Am Pult des blendend disponierten NTM-Orchesters waltete erneut ein Gast Jordan de Souza. Der 1988 in Toronto geborene Dirigent leitete in Kanada alle Orchester von Rang, gastierte an italienischen Häusern und fungiert bis dato als 1. Kapellmeister an der Komischen Oper Berlin. Mir schien es wurde intensiv geprobt, konditionell wirkte der Klangkörper in der Koordination und Animation der Instrumentalmassen auf und vor der Bühne klug disponiert und versprach einen ganz großen Abend. Stringent, zupackend, vortrefflich die Leistungen der Musiker vehement austariert, dynamischem temperamentvoll animierte de Souza das Orchester zu eindrucksvoller Klangkultur. Transparent, lyrisch, wunderbar rhythmisch, erfrischend musizierten alle Instrumentalgruppen ausgewogen qualitativ individuell zum konträren dramatischen Impetus der Partitur mit seinen teils eruptiven Forte-Expansionen.
In uhrwerkpräzisem Kollektiv wie man es am Hause gewohnt, präsentierte sich der von Dani Juris vortrefflich einstudierte Chor des NTM. Intonationsrein, schwebend, wunderbar aufblühend agierten die Frauenstimmen, maskulin, klangvoll, in markant rhythmischer Raffinesse gesellten sich die Herren zu den von Gewitter und Sturm umbrausten Vokal-Elementen.
In orchestrale Wogen bestens gehüllt und umsichtig begleitet entfalteten sich alle Solist*innen mit ihren Rollendebüts auf vortreffliche Weise. Als Senta stellte sich Daniela Köhler mit jugendlich-hellem Sopran vor, bestach mit schön timbriertem Material, bestens disponiert präsentierte die Sängerin die konstante vokale Linie, meisterte souverän die heiklen Höhenklippen, beeindruckte mit lyrischen, beseelten und gleichwohl dramatischer Vokalise zur Ballade und insbesondere im Duett mit ihrem ersehnten Traumpartner.
Unspektakulär vernahm man Marie-Belle Sandis als darstellerisch rege Mary.
Plastisch artikulierend, technisch bestens versiert, geprägt von sonor vokalem Wohlklang, in düster-dämonischen jedoch ebenso vortrefflich lyrischen Tongebungen präsentierte Michael Kupfer-Radecky den mystischen Titelhelden. Bereits zweimal zuvor erlebte ich den markanten Bariton als Kurwenal, nun erschloss sich der Sänger mit dem dunklen Farbpotenzial und wohldosierten dynamischen Höhen, eine bemerkenswerte neue Partie.

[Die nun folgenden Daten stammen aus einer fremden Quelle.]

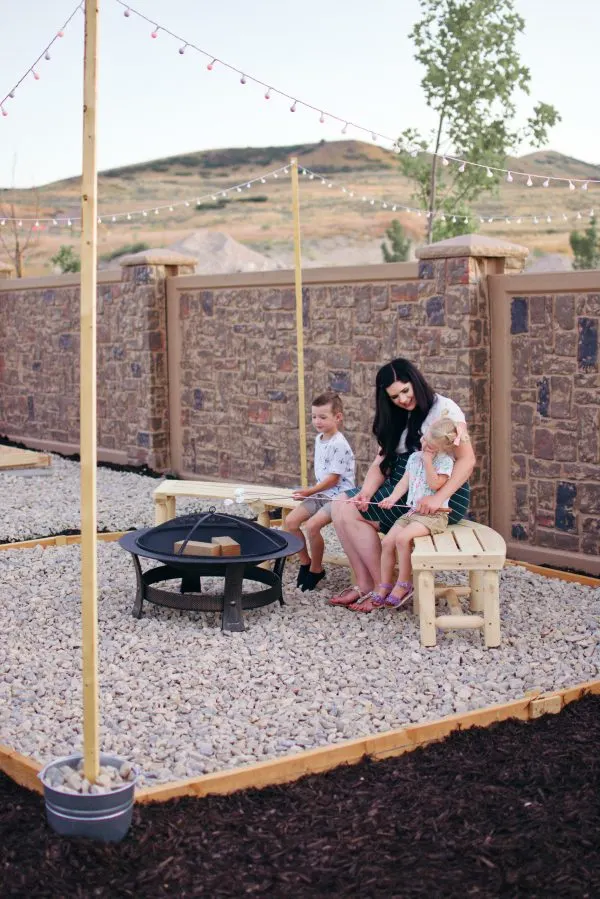 A mom and her two kids sit around their backyard fire pit.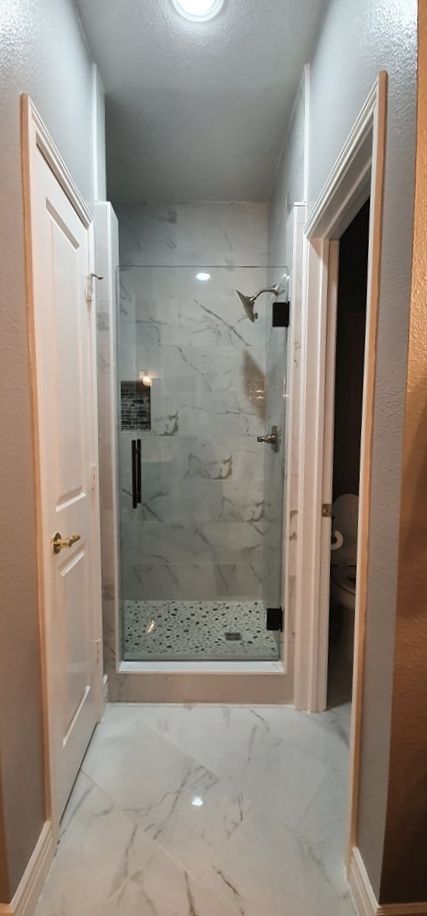 Narrow bathroom hallway with shower and two white doors.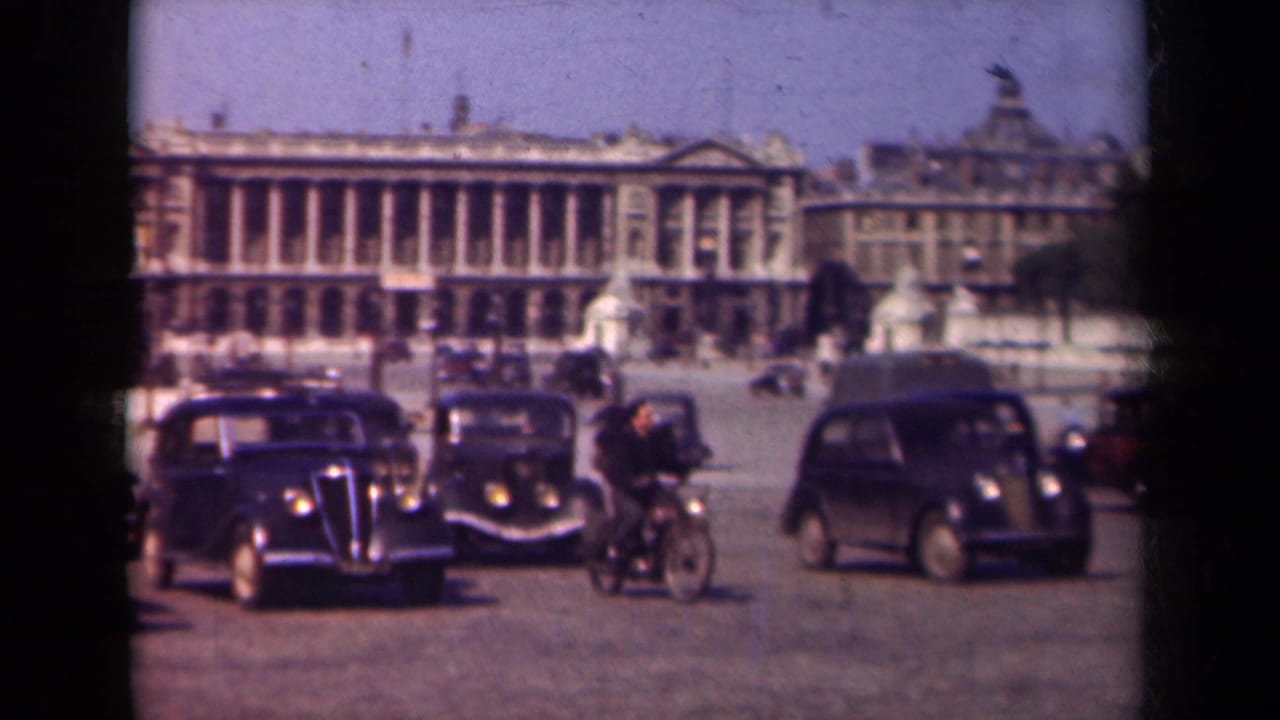 1939 Paris home-movie frame showing vintage automobiles, a rider, pedestrians, and grand architecture across a public square.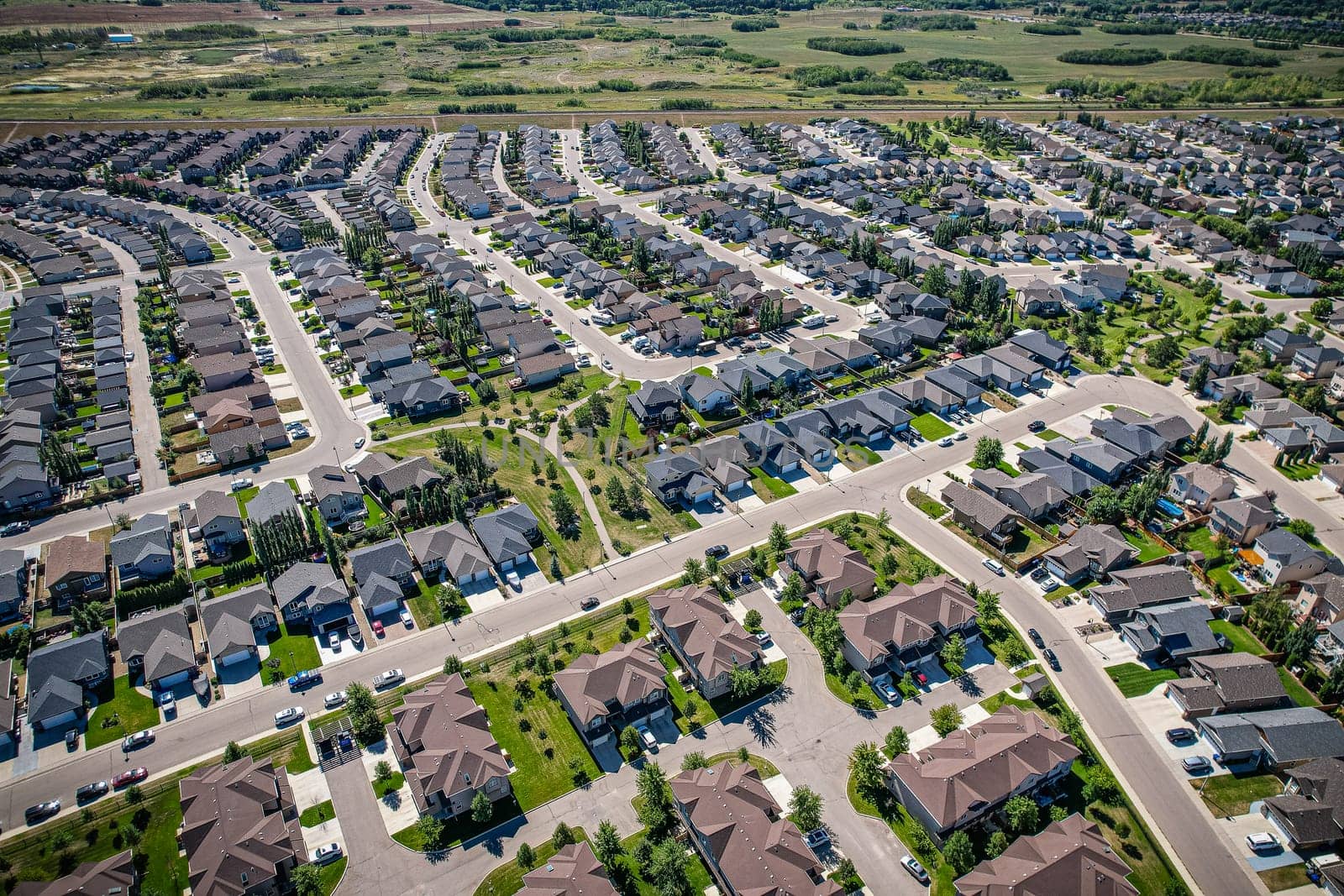 Captivating aerial shot of Stonebridge in Saskatoon, highlighting the harmonious blend of modern architecture and Saskatchewan's verdant surroundings.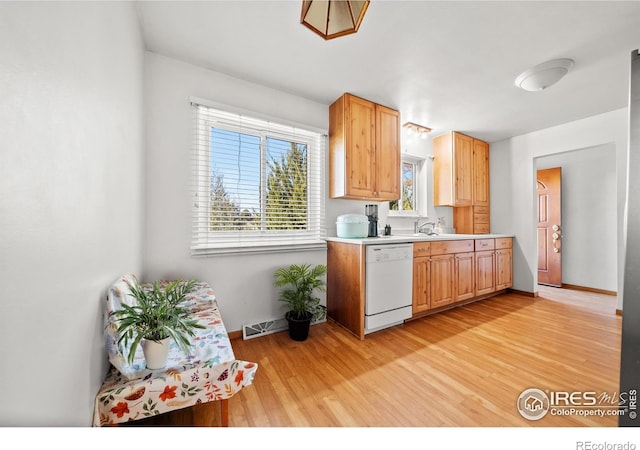 kitchen featuring white dishwasher, light brown cabinets, sink, and light hardwood / wood-style flooring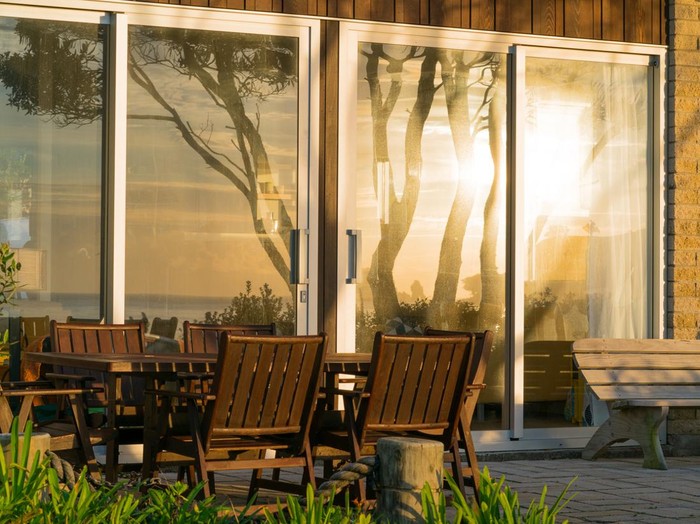 Waterfront home exterior with outdoor furniture and large windows reflecting sunrise over the sea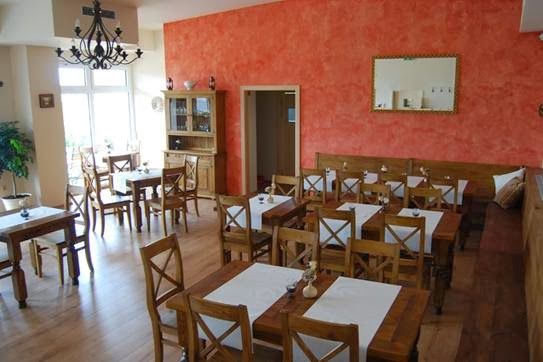 Interior view of a restaurant with wooden furniture and red walls.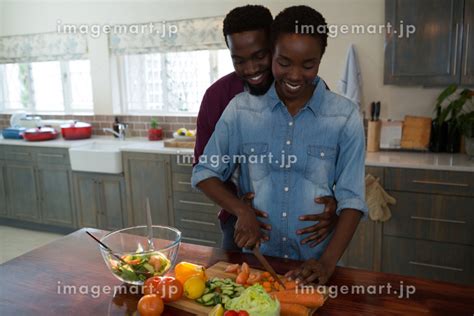 Man touching womans pregnant belly in the kitchenの写真素材 88968191 イメージマート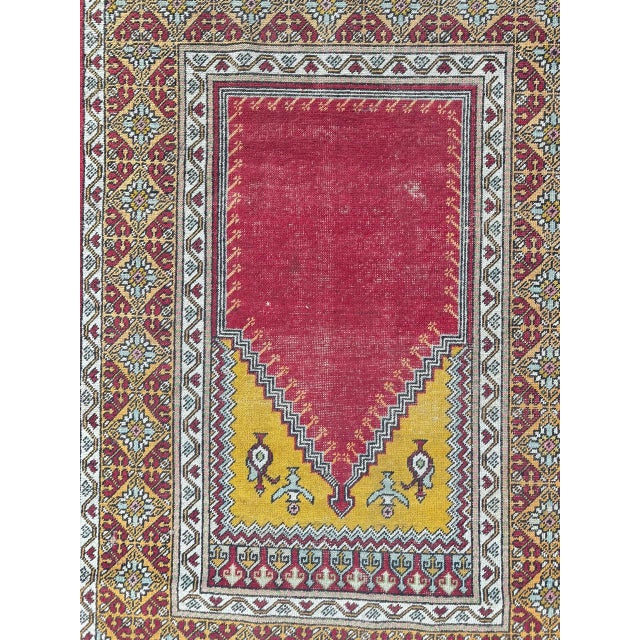 Beautiful antique Turkish rug from Anatolia, meticulously hand-knotted with wool velvet on a cotton foundation. This...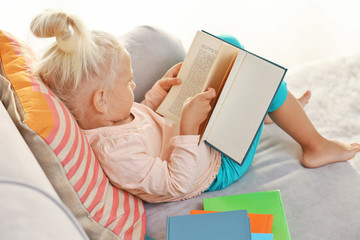 Small girl reading book on couch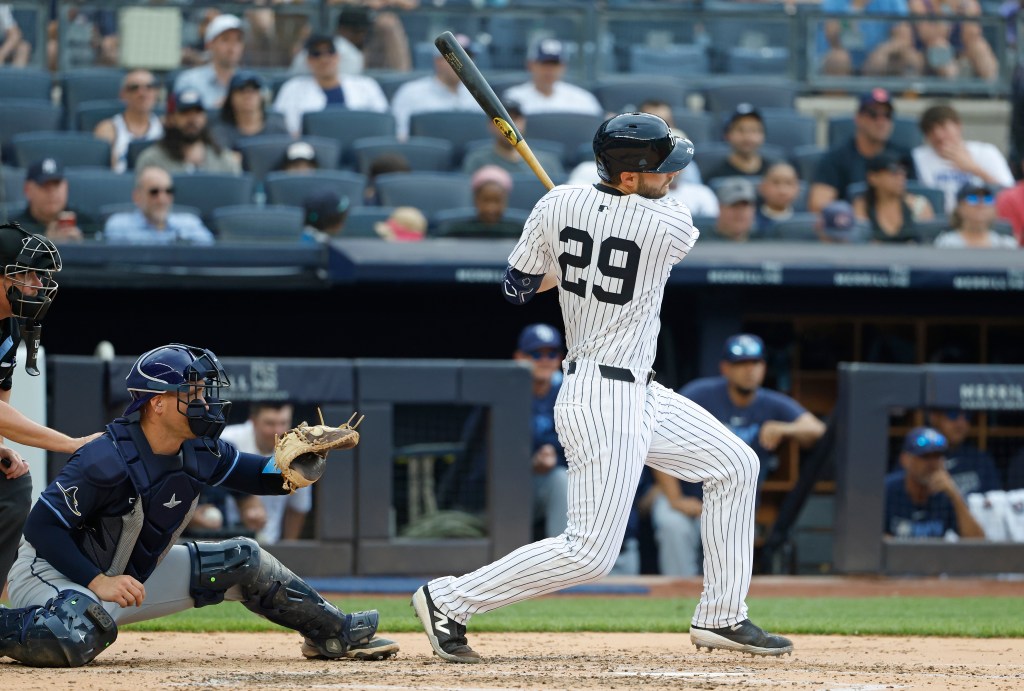 New York Yankees batter Austin Slater hitting a ground ball as the Tampa Bay Rays catcher prepares to field.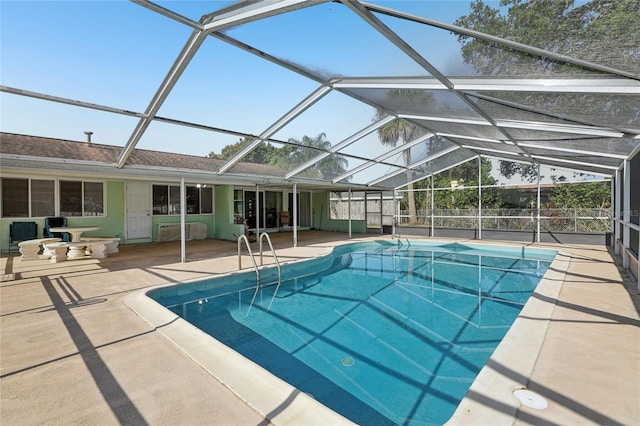 outdoor pool with a lanai and a patio area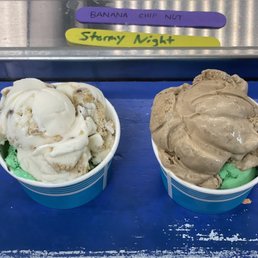 Mint Oreo - Two cups of ice cream with different flavors are placed on a blue surface, with colorful labels above indicating flavors.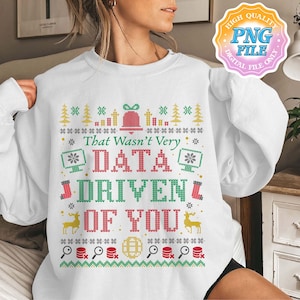 Può includere: Felpa bianca con un design festivo. Il design include una campana, alberi di Natale, fiocchi di neve e il testo "That Wasn't Very DATA DRIVEN OF YOU" in rosso e verde. La felpa ha girocollo e maniche lunghe.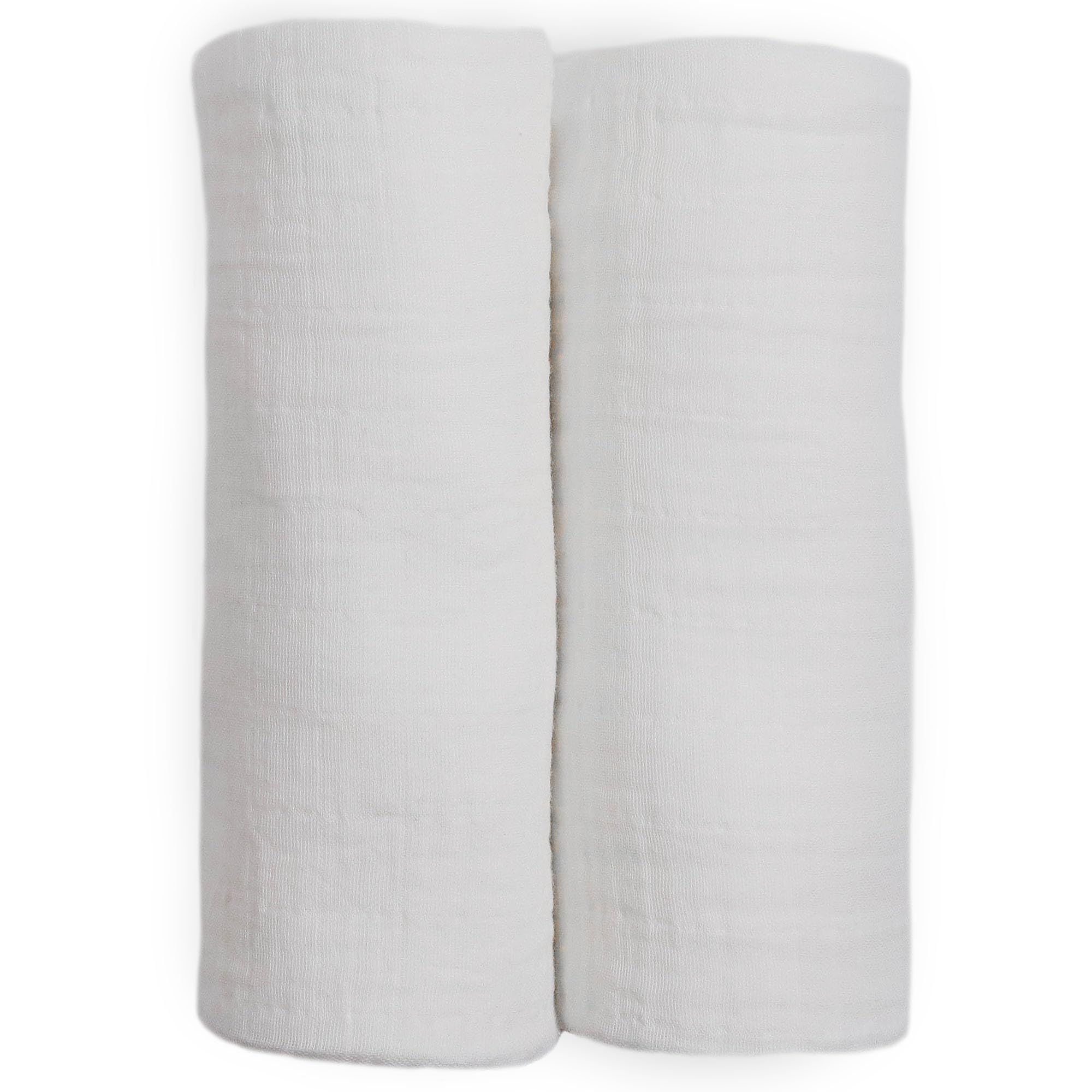 Little Unicorn muslin swaddle blanket white baby-nest setting conveys cozy snuggle potential.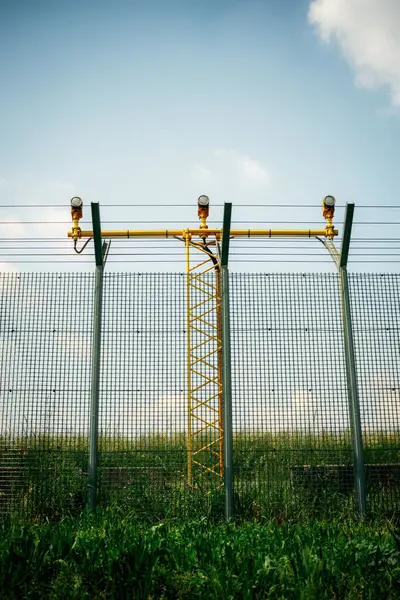 Havaalanı güvenlik çiti yeşil tel örgü ve sarı metal kule yapısının arkasında pist ışıkları var..
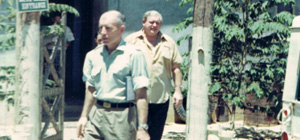 Colour photograph of two men leaving a building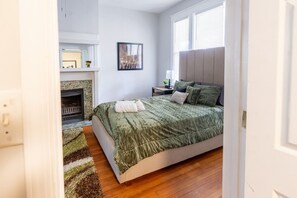 Queen bedroom with desk.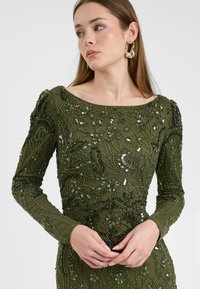 Abito a maniche lunghe di colore verde oliva con dettagli floreali in perline e paillettes. Presenta un colletto a barca e una silhouette aderente.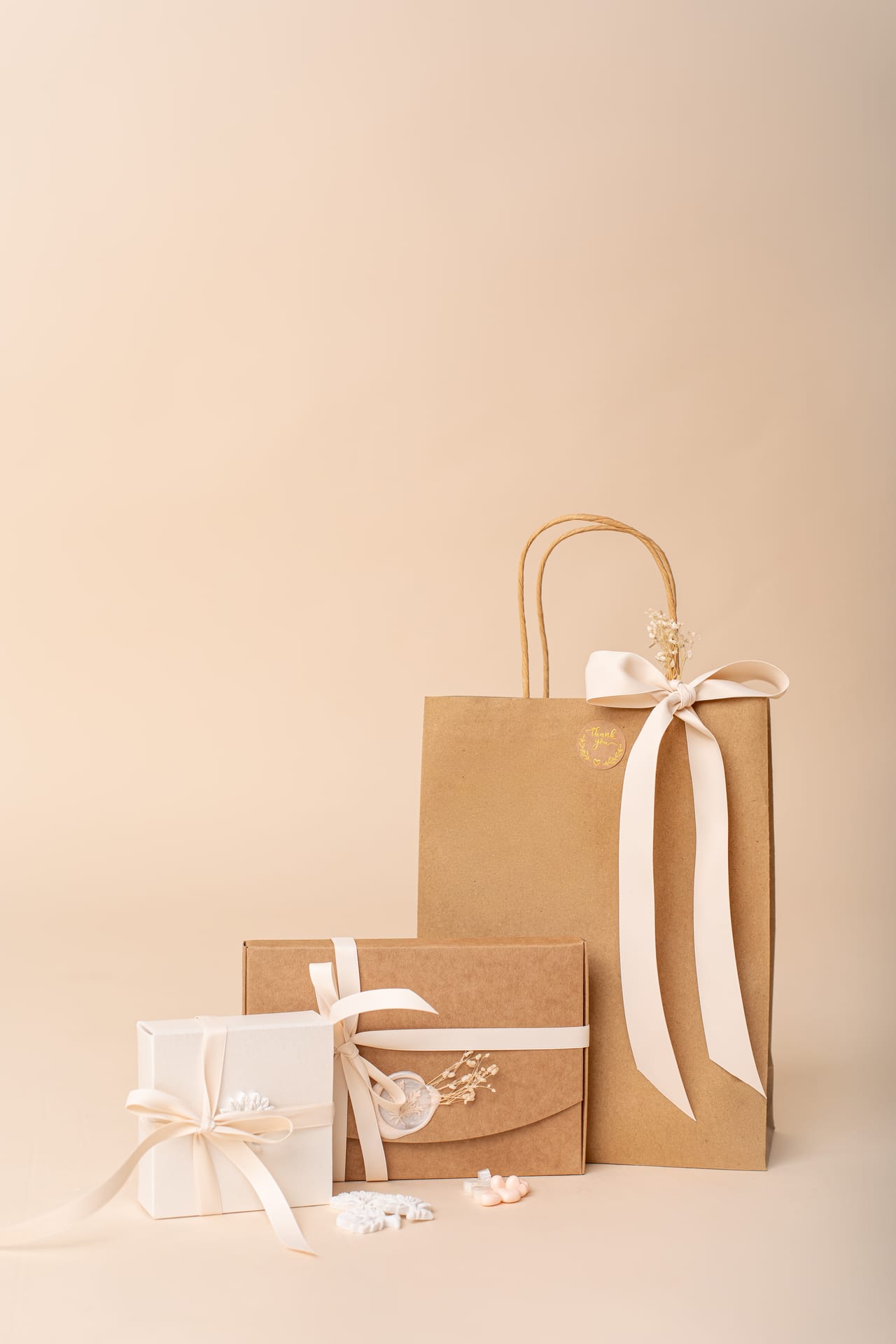 Apresentação do packaging Susana Schmitz: saco kraft com fita de cetim, caixa kraft selada e caixa branca com flores secas, Porto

Elegant, schönstimmig, prächtig in voluminösen Basstönen, bester Intonation, ausgezeichneter Artikulation stattete Sung Ha den mammongierenden Daland aus und fand sich mit Kupfer-Radecky zum herrlich melodischen Duett.
Wie viel Belcanto in Wagner steckt offerierte insbesondere Jonathan Stoughton als Erik. Der Komponist merkte der Partitur gar selbst an „Erik sollte den Part singen wie Bellini und dennoch kraftvoll wie Wagner“, jedenfalls wurde der englische Tenor diesen Anmerkungen exzellent gerecht. Zur stattlichen optischen Präsenz gestaltete Stoughton den verliebten chancenlosen Jägerburschen souverän und schenkte dem Part entgegen bisheriger Hörgewohnheiten insbesondere der Traumerzählung lyrischen, liedhaften Schmelz. Feinherbe, maskuline Konturen setzte der Sänger mit dem herrlichen Timbre, den strahlenden Höhenaufschwüngen kontrapunktierte Verve entgegen und reüssierte mit eindrucksvollem Rollenportrait.
Jugendlich, mit hell strahlendem Tenor versah Juraj Hollý den müden und später malträtierten Steuermann.
Mit großer Begeisterung feierte das Premieren-Publikum alle Mitwirkenden.